How to handle CSP nonce for usercentries? (uc-block.bundle.js)

I'm using CSP; I made the changes for the policy on the server side, and then I'm using the nonce on the client side. It works for everything. I just have an issue with UserCentries. I still get the below error:

uc-block.bundle.js:1 Refused to apply inline style because it violates the following Content Security Policy directive: "style-src 'self' 'nonce-cdbb69b0170fa85cd202dd223dc7de80' https://fonts.googleapis.com https://*.iadvize.com". Either the 'unsafe-inline' keyword, a hash ('sha256-gxqnKDxRDSXGSNnZ1pqKxuJyI+PHG6Tvsbz7z9B4+ZI='), or a nonce ('nonce-...') is required to enable inline execution.

And when I click on the error line in Chrome, it goes to the codes inside this file:

It seems the issue is because of the style tag here, which doesn't have the nonce attribute.

I have a CspMiddleware and I handle the policy inside it. Here is the code for Policy:

public override async Task Invoke(IOwinContext context)
{
    var randomNonce = Shared.Extensions.Extensions.GenerateNonce();
    var isUmbracoRequest = context.Request.Uri.AbsolutePath.StartsWith("/umbraco");
    var policy = new[] {
        $"script-src 'self' {(isUmbracoRequest ? "'unsafe-inline'" : $"'nonce-{randomNonce}' 'strict-dynamic'")} {string.Join(" ", this._config?.ExternalUrls)}; " +
        $"style-src 'self' {(isUmbracoRequest ? "'unsafe-inline'" : $"'nonce-{randomNonce}'")} {string.Join(" ", this._config?.ExternalCssUrls)}; " +
        $"object-src 'self'; " +
        $"report-uri /umbraco/api/helper/CreateCSPReport"
    };

    if (!context.Response.Headers.ContainsKey("Content-Security-Policy")) context.Response.Headers.Add("Content-Security-Policy", policy);
    if (!context.Response.Headers.ContainsKey("X-Content-Security-Policy")) context.Response.Headers.Add("X-Content-Security-Policy", policy);
    if (!context.Response.Headers.ContainsKey("X-Webkit-CSP")) context.Response.Headers.Add("X-Webkit-CSP", policy);
    if (!isUmbracoRequest) context.Response.Headers.Add("X-Nonce", new[] { randomNonce });

    await Next.Invoke(context);
}

And on the razor page, I get the nonce and then set it for the UserCentries script:

@{
    var xNonce = HttpContext.Current.Response.Headers.GetValues("X-Nonce")?.First();
}

<script type="application/javascript" src="https://privacy-proxy.usercentrics.eu/latest/uc-block.bundle.js" nonce="@xNonce"></script>

When I inspect in the browser, I can see the nonce that has been added to this script, but still, I have the above error in the console.

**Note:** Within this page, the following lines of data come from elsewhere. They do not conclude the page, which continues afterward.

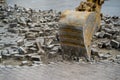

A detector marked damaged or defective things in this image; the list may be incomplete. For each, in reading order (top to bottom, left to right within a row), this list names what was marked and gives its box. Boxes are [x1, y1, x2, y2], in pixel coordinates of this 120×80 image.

rusty metal bucket [59, 9, 97, 60]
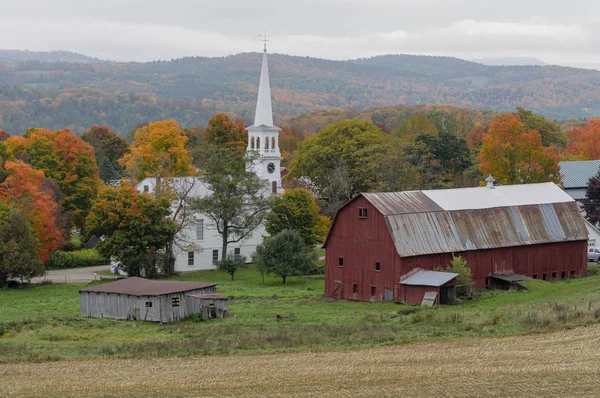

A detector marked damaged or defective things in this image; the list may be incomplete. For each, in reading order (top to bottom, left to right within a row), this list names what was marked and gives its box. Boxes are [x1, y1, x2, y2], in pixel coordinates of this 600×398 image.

rusted metal roof panel [360, 191, 446, 216]
rusted metal roof panel [384, 202, 584, 258]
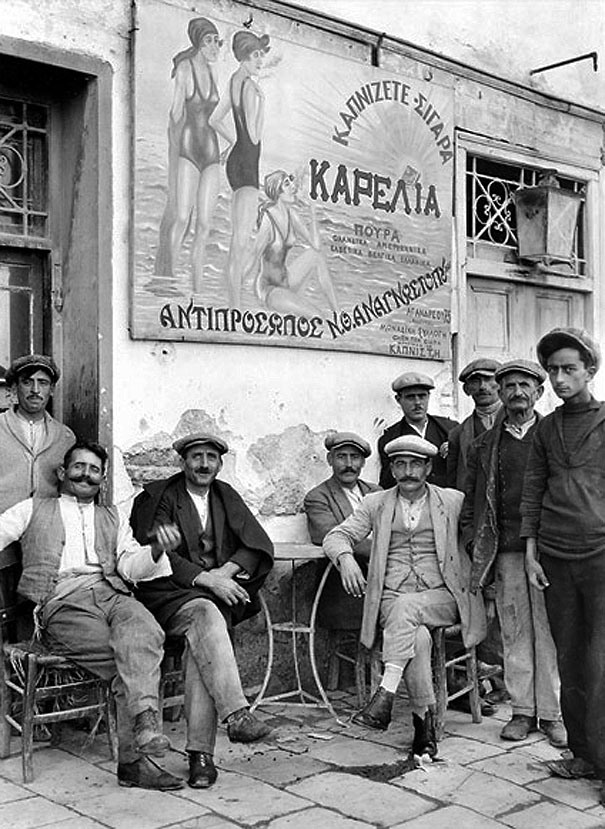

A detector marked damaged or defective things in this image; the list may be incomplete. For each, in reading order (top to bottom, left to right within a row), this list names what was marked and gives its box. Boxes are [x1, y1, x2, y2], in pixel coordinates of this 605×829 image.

And here is how the CSP looks like in the http header:

How can I handle the nonce for this specific script (uc-block.bundle.js)?

Thank you.

You can redefine the document.createElement function so that it not only creates the element, but also applies the nonce in case a style tag is being created, which is happening in that uc-block.bundle.js script.

That custom document.createElement function needs to be set up before the uc-block.bundle.js gets loaded.

Note that this is not without risk! Any referenced script marked with a nonce will be allowed to create an inline style element that will be executed.

For testing purposes I used below CSP.

script-src 'nonce-abc1234'; style-src 'nonce-abc1234'

@{
  var xNonce = "abc1234";  
  // Get from http header.  
  // HttpContext.Current.Response.Headers.GetValues("X-Nonce")?.First();
}
<script nonce="@xNonce">
  document.createElement = (function(func) {
    return function() {
      var element = func.apply(this, arguments);
      if (element.tagName.toLowerCase() == "style") 
      {
        element.setAttribute("nonce", "@xNonce");
      }
      return element;
    };
  })(document.createElement);
</script>

<script type="application/javascript" 
        src="https://privacy-proxy.usercentrics.eu/latest/uc-block.bundle.js" 
        nonce="@xNonce"></script>

The browsers developer tools shows that the style element has been added with a nonce (without revealing its value).